Aim of the exercise: Leave out every picture and set down, exactly, the lines below from the one holding "Wasserfall nahe einem" up to and including the one holding "Elizabeth II (1952-2022), Sterling".
╭─ Records shown
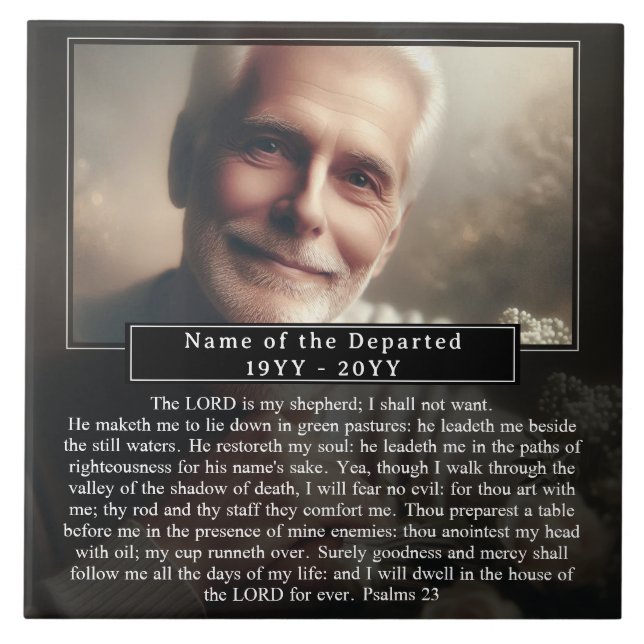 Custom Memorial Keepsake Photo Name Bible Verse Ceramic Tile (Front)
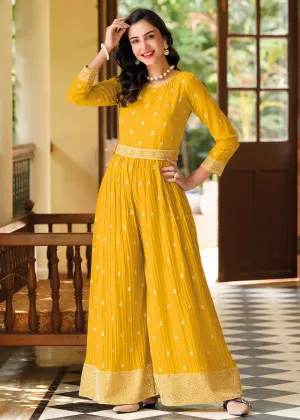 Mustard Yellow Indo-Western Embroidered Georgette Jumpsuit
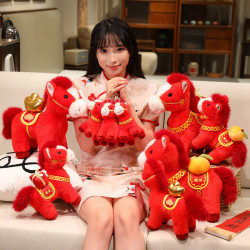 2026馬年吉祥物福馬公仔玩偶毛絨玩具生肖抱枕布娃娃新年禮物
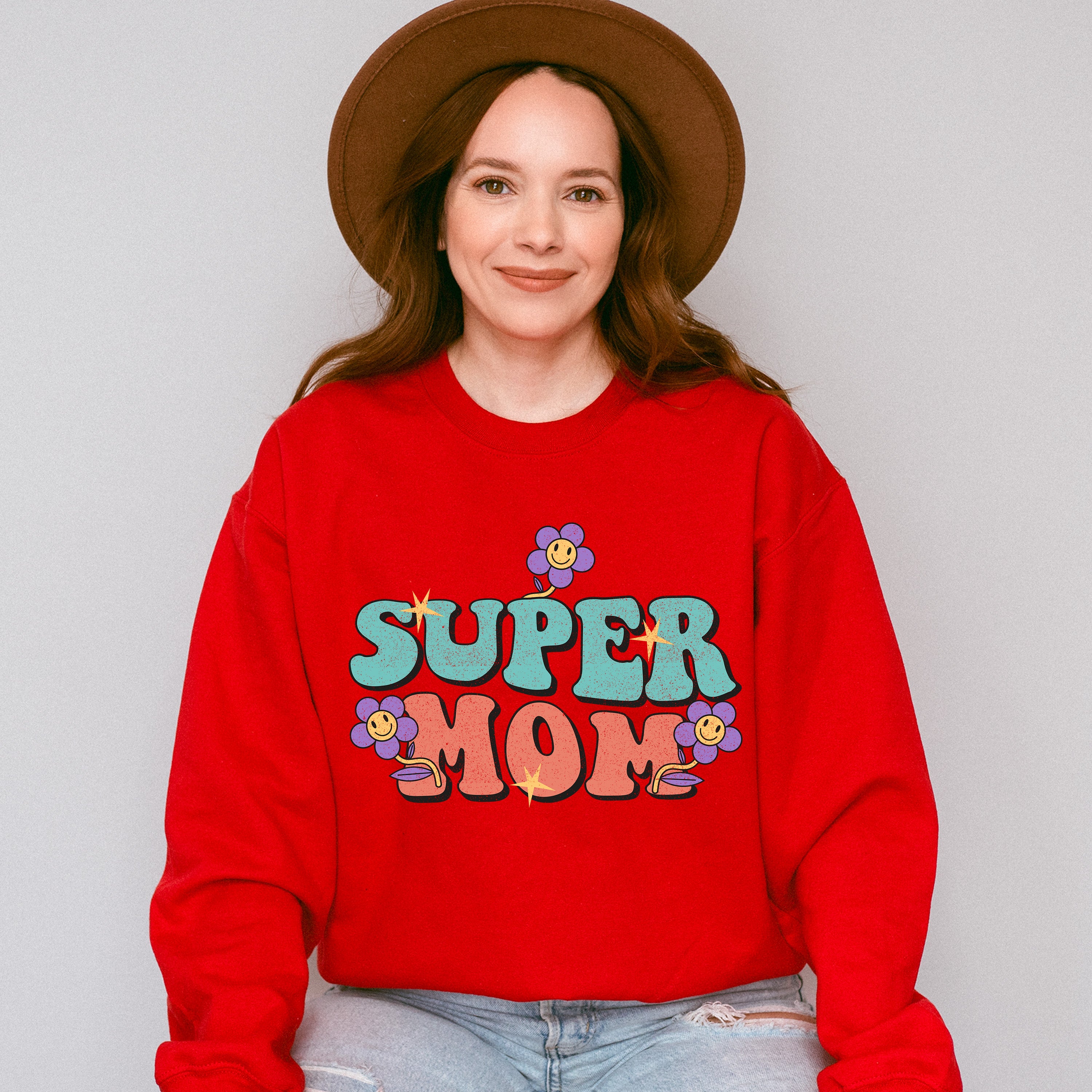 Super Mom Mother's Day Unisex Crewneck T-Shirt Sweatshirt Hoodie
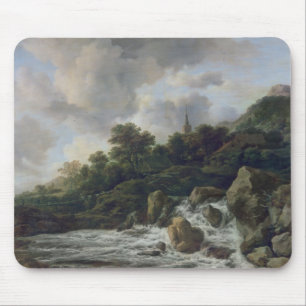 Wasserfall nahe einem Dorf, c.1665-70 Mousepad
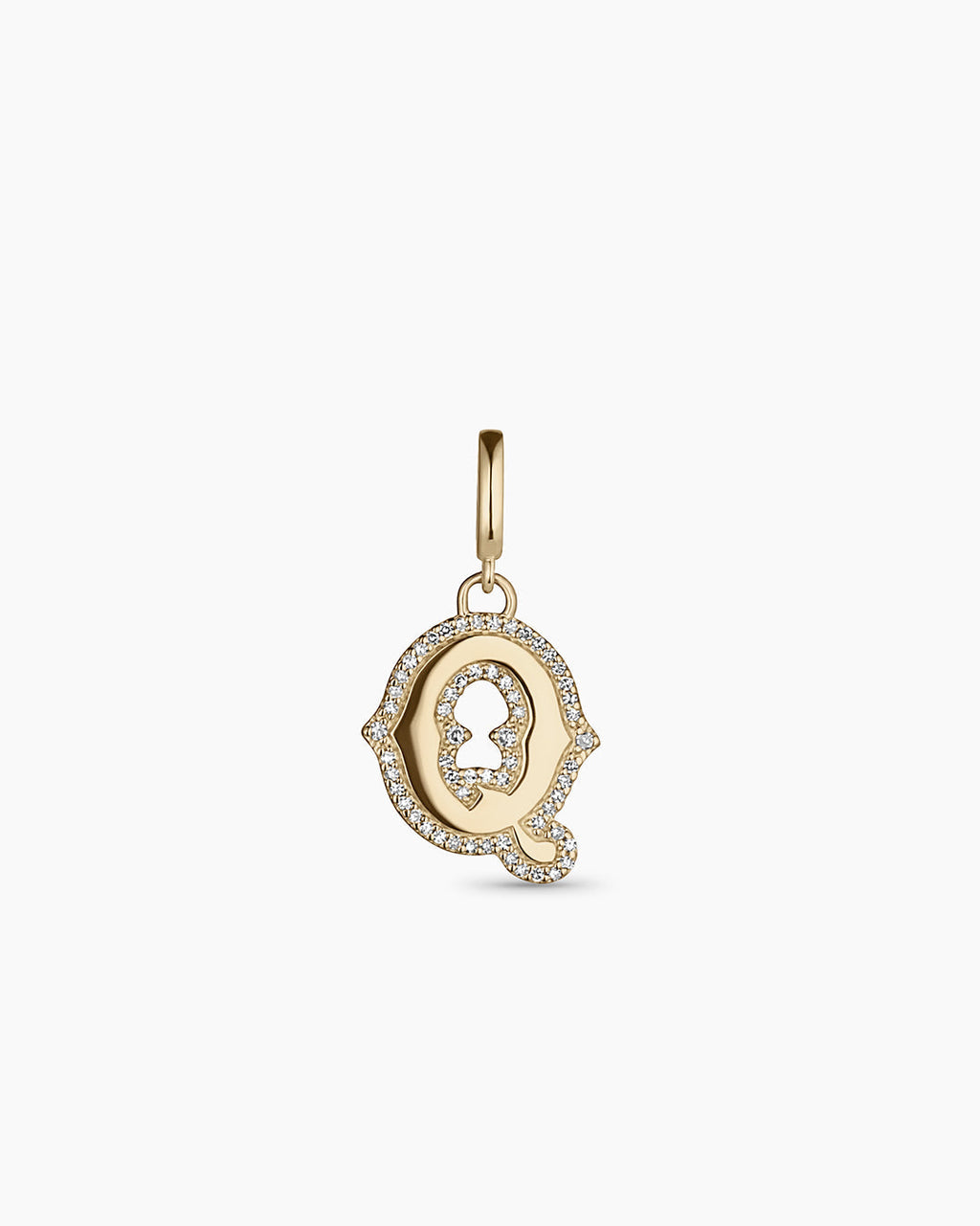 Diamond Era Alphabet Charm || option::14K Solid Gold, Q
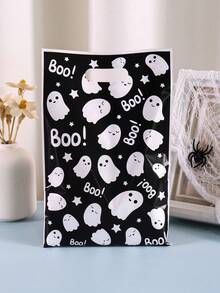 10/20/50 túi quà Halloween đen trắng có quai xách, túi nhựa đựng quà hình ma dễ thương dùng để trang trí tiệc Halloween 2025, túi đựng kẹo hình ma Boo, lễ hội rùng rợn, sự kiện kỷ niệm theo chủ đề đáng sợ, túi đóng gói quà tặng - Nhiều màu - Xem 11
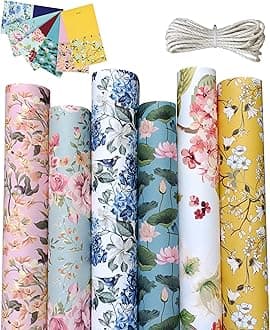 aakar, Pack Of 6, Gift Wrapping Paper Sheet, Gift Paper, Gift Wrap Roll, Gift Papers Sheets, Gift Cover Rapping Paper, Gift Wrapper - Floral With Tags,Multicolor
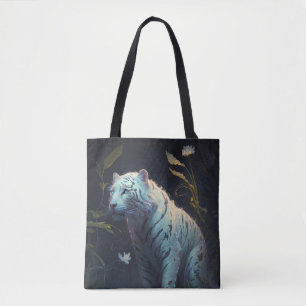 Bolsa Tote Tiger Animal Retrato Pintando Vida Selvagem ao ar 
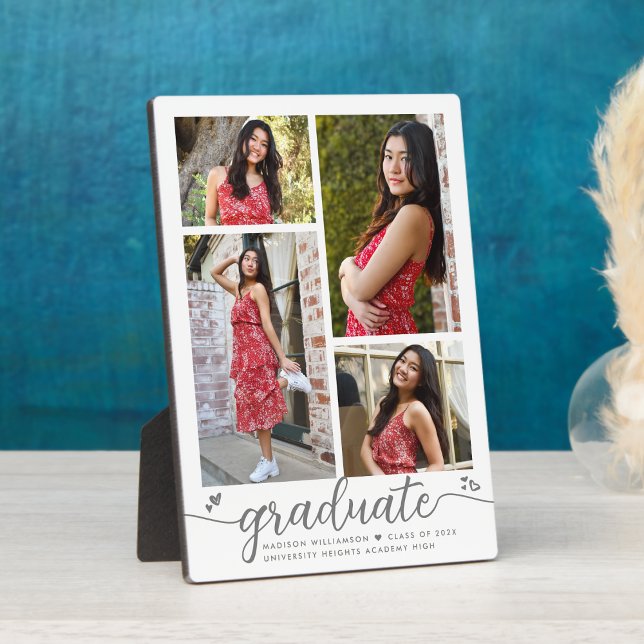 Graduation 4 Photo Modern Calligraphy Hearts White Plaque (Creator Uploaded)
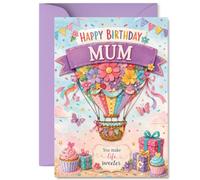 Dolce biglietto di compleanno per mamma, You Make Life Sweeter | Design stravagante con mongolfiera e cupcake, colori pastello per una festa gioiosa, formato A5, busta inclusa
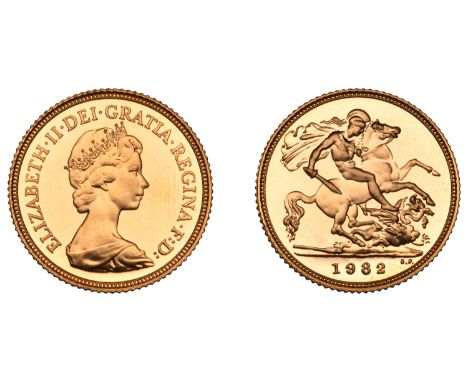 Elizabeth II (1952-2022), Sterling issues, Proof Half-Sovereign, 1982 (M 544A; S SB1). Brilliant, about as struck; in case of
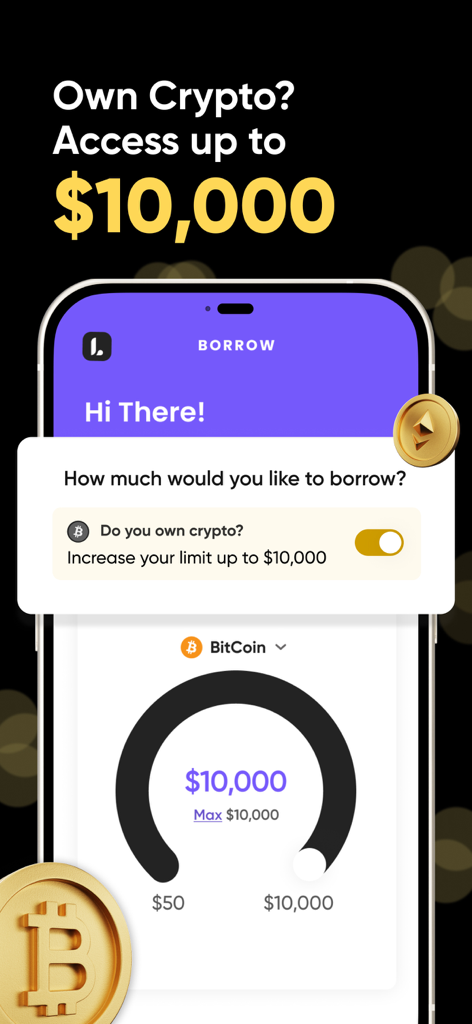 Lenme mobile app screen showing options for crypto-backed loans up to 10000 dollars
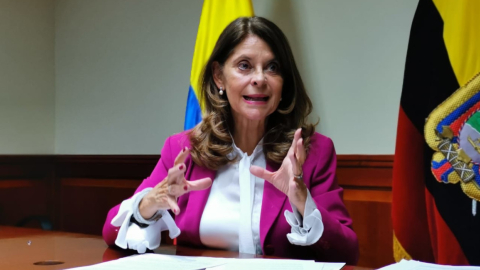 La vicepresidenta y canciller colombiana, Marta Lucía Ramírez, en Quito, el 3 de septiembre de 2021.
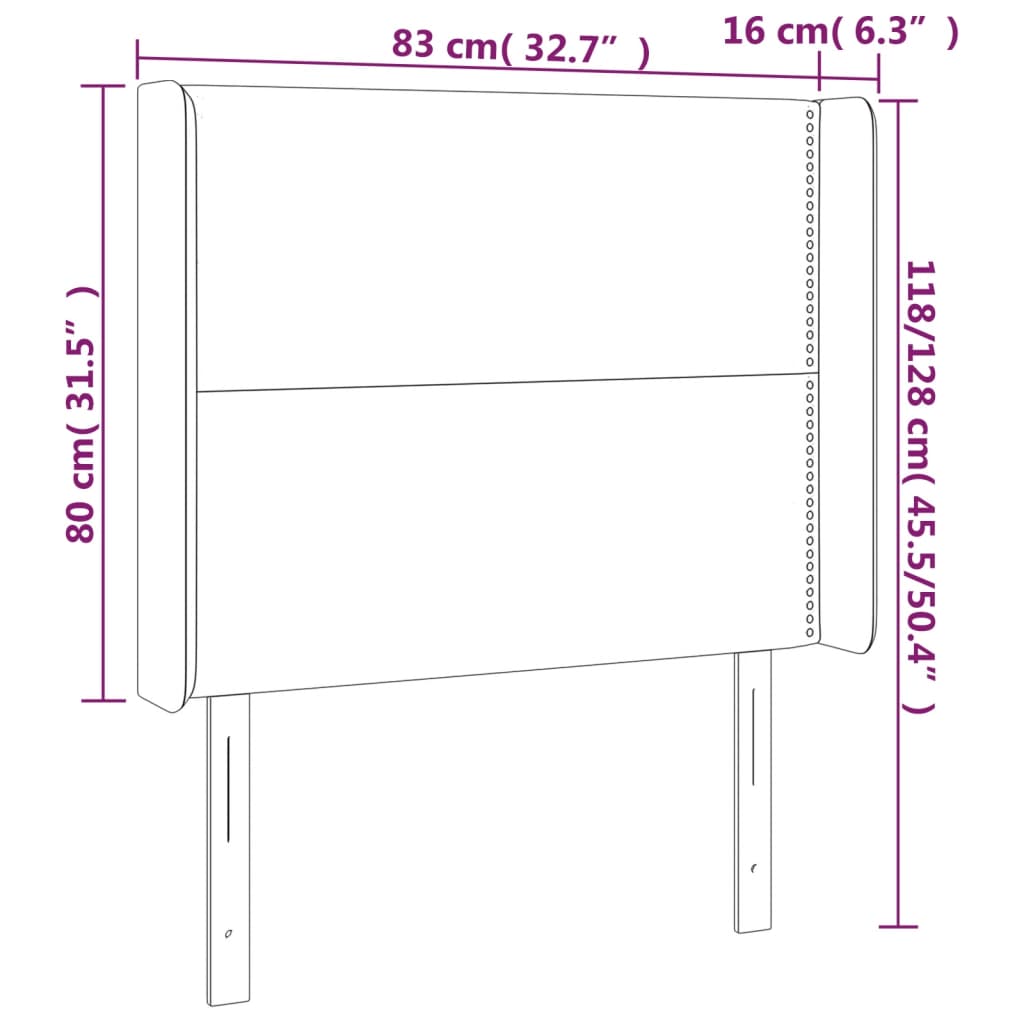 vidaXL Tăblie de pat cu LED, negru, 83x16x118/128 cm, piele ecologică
╰─
Task response:
 Wasserfall nahe einem Dorf, c.1665-70 Mousepad
 Diamond Era Alphabet Charm || option::14K Solid Gold, Q
 10/20/50 túi quà Halloween đen trắng có quai xách, túi nhựa đựng quà hình ma dễ thương dùng để trang trí tiệc Halloween 2025, túi đựng kẹo hình ma Boo, lễ hội rùng rợn, sự kiện kỷ niệm theo chủ đề đáng sợ, túi đóng gói quà tặng - Nhiều màu - Xem 11
 aakar, Pack Of 6, Gift Wrapping Paper Sheet, Gift Paper, Gift Wrap Roll, Gift Papers Sheets, Gift Cover Rapping Paper, Gift Wrapper - Floral With Tags,Multicolor
 Bolsa Tote Tiger Animal Retrato Pintando Vida Selvagem ao ar 
 Graduation 4 Photo Modern Calligraphy Hearts White Plaque (Creator Uploaded)
 Dolce biglietto di compleanno per mamma, You Make Life Sweeter | Design stravagante con mongolfiera e cupcake, colori pastello per una festa gioiosa, formato A5, busta inclusa
 Elizabeth II (1952-2022), Sterling issues, Proof Half-Sovereign, 1982 (M 544A; S SB1). Brilliant, about as struck; in case of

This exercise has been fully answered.